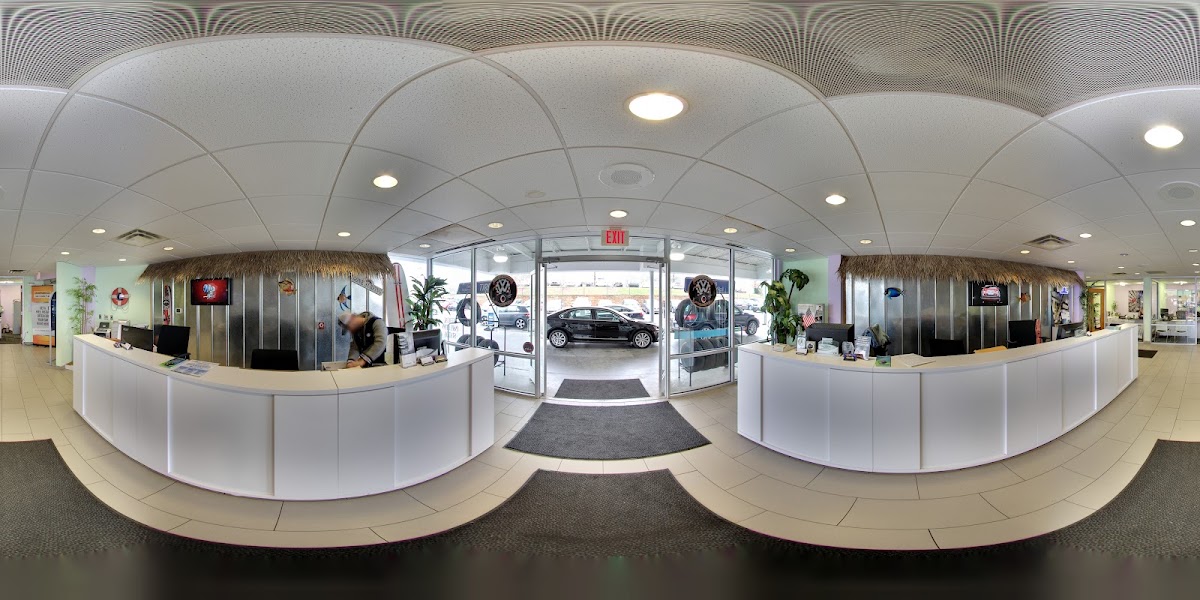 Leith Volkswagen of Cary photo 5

--

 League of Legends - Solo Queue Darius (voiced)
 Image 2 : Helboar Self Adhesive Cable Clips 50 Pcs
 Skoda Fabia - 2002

▶ _What is expected_
What is asked for is an exact copy of the lines above from the one containing "League of Legends" through the one containing "Skoda Fabia - 2002", and only those.

▶ _Task result_
 League of Legends - Solo Queue Darius (voiced)
 Image 2 : Helboar Self Adhesive Cable Clips 50 Pcs
 Skoda Fabia - 2002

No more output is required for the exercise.